What happened?
On Nov 15, 2023 10:00 AM GMT, Starknet faced some downtime. Here’s what happened:
- 40 minutes without blocks
- First post-stall block with 10 txs
- 10 minutes without blocks
- Second post-stall block with 10 txs
- Normal operation
The goal of this document is to give some background, explain the timeline above, and illustrate how upcoming versions will improve the system’s robustness and efficiency.
Background
In the current Starknet architecture, a service called a gateway (henceforth GW) is responsible for receiving transactions, doing some pre-processing (before execution), and passing it down the line to the sequencer. There are multiple GW instances always active on mainnet.

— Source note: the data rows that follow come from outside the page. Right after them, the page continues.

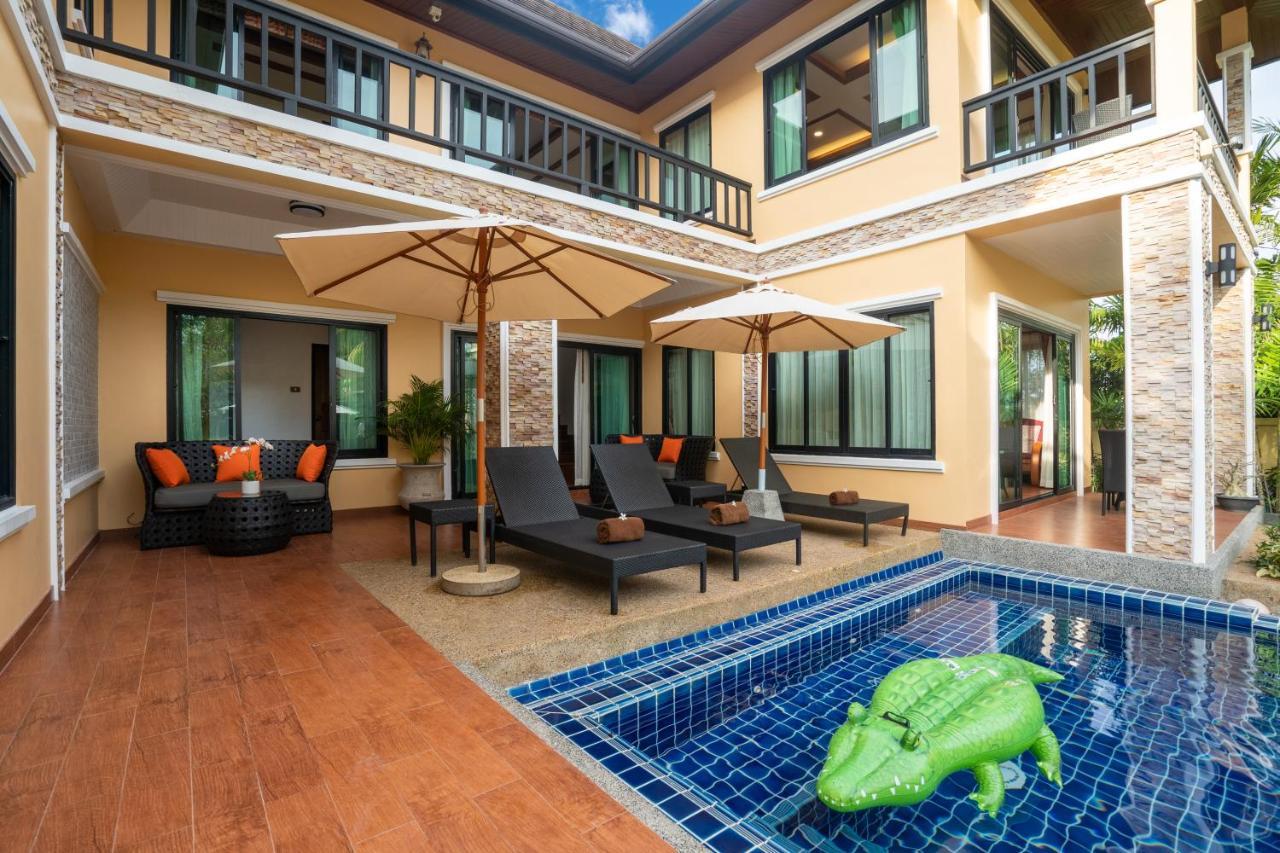 Private Villas Bangtao Bang Tao Beach  Esterno foto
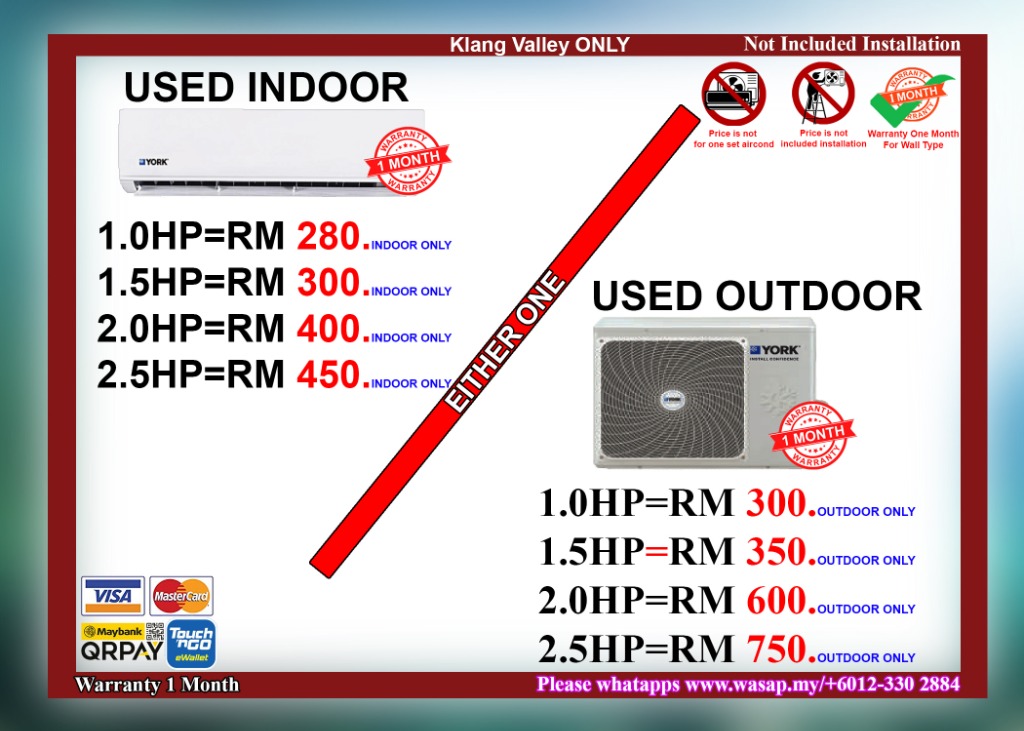 harga compressor aircond rumah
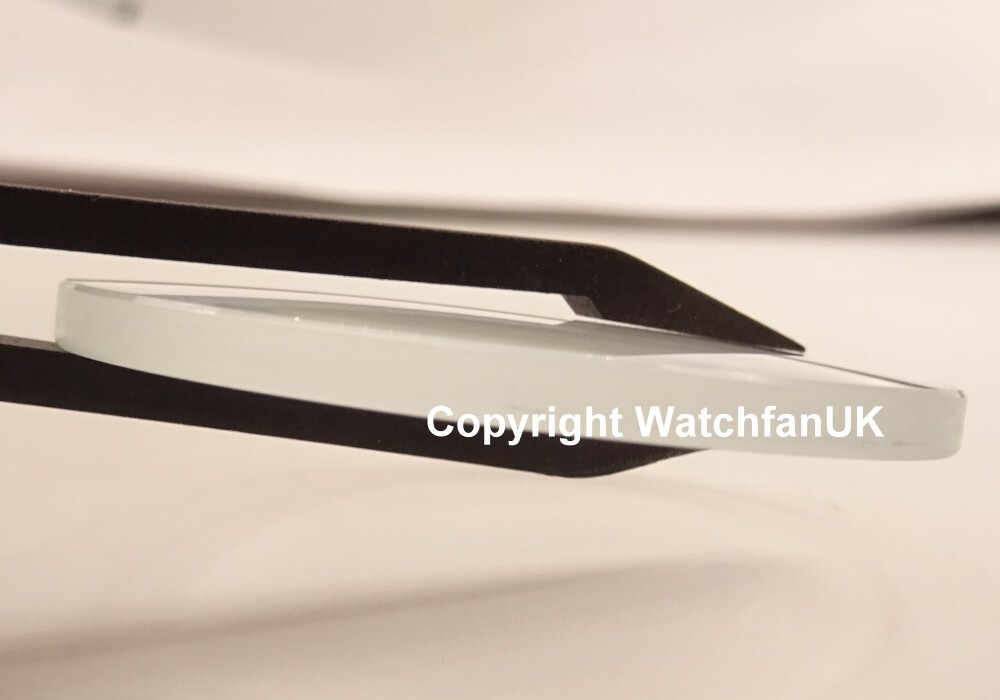 Replacement Domed Mineral crystal Fits YEMA Flygraf N8 #604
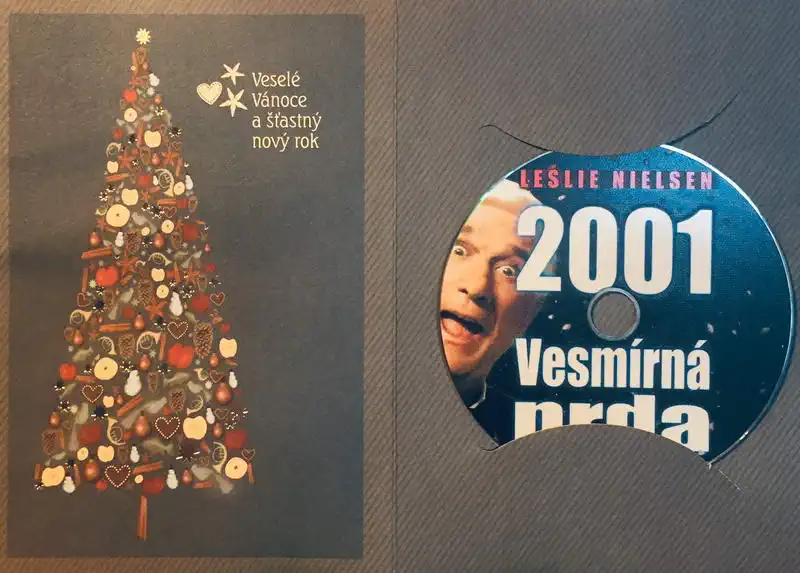2001: Vesmírná prda - DVD /dárkový obal/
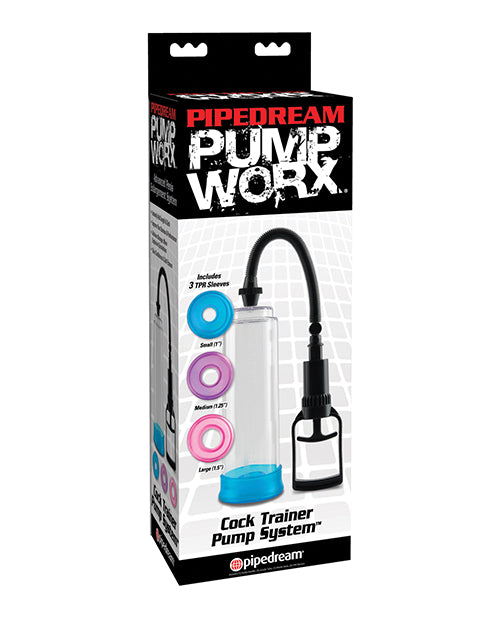 Pump Worx 4-Piece Cock Trainer Pump System Clear/Asst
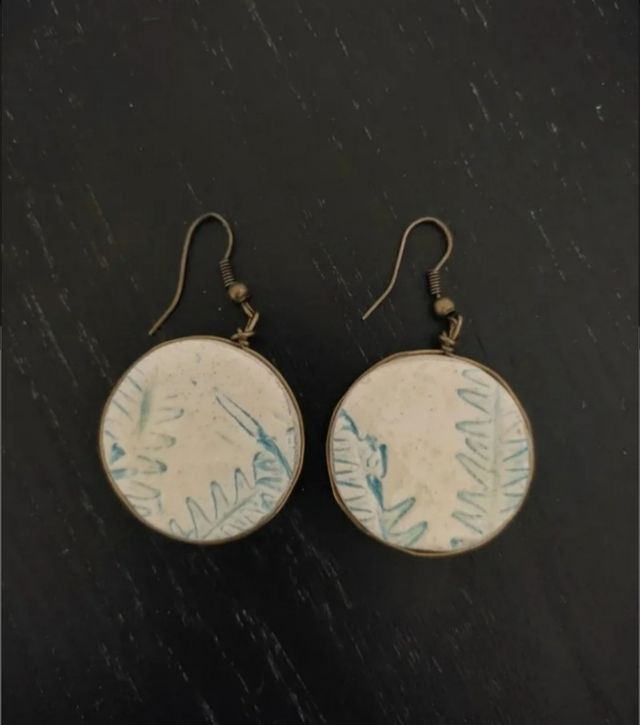 Pendientes de cerámica NUEVOS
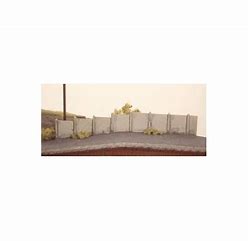 RATIO 429 OO/1:76 CONCRETE FENCING - (PRICE INCLUDES DELIVERY)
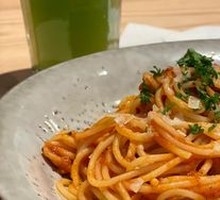 Tomato Meat Sauce Noodles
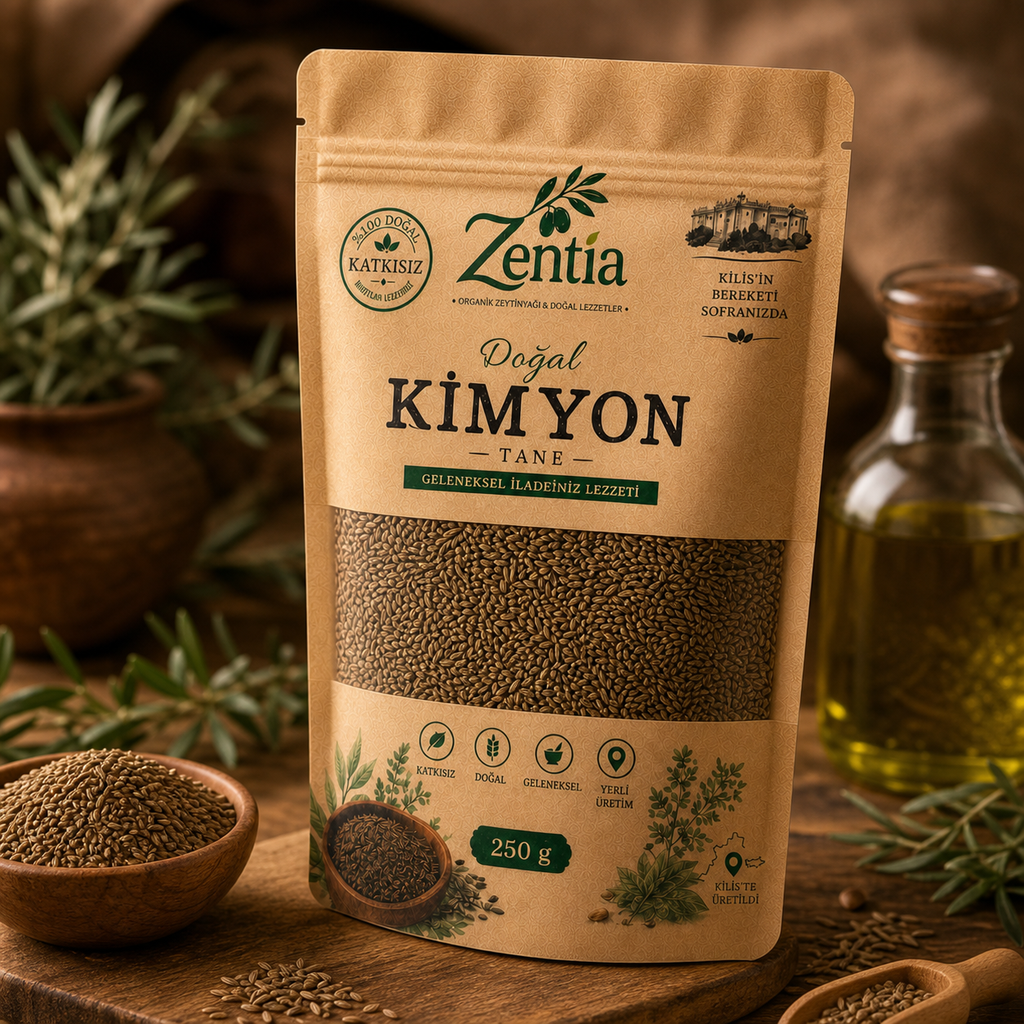 zentia kimyon 250g sol uc ceyrek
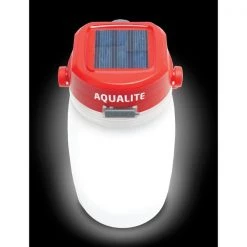 Aqualite Solar Powered Lantern & Basic Emergency Kit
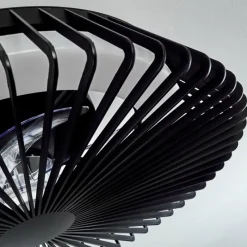 hofstein Ventilateur de plafond Rivarotta LED Blanc, 1 lumière, Télécommandes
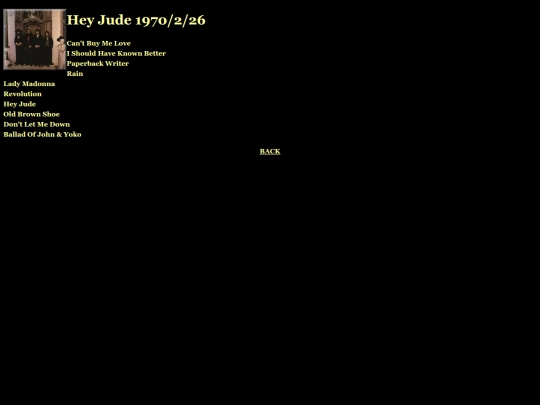 heyjude screenshot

Every transaction that reaches the GW opens an add_tx
thread that takes some CPU. Roughly speaking, this thread performs the following operations:
- Checks the user has the declared fee amount
- Runs
validate
- Writes tx to DB
- Returns the received/rejected status to users
To avoid passing duplicates of the same transaction to the sequencer, there’s a handler called the deduplicator. By design, there is only one instance of this handler at a given point in time, and it sits in the path to block creation. If this process stalls, so does block creation.
- The deduplicator works with packets of 10 transactions at a time.
- The deduplicator process involves many asynchronous tasks; it uses ≥40 threads that access storage (and therefore require context switching).
Lastly, the GW logic is implemented in Python, which has a sequential nature: threads are processed in sequence even if they’re independent. Consequently, for a packet of 10 txs to reach the sequencer, the time we must wait for the deduplicator is the sum of times for each of its ≥40 long threads to resolve.
Timeline explanation?
- 40 minutes without blocks – a big influx of transactions initiated many threads which spread the GW CPU very thinly across all of them. The deduplication process took roughly 40 minutes to finish its packet of 10 txs during the high load while it needed more CPU.
- First post-stall block with 10 txs – the second deduplicator task took longer than the block timeout, so the sequencer closed a 10 tx block.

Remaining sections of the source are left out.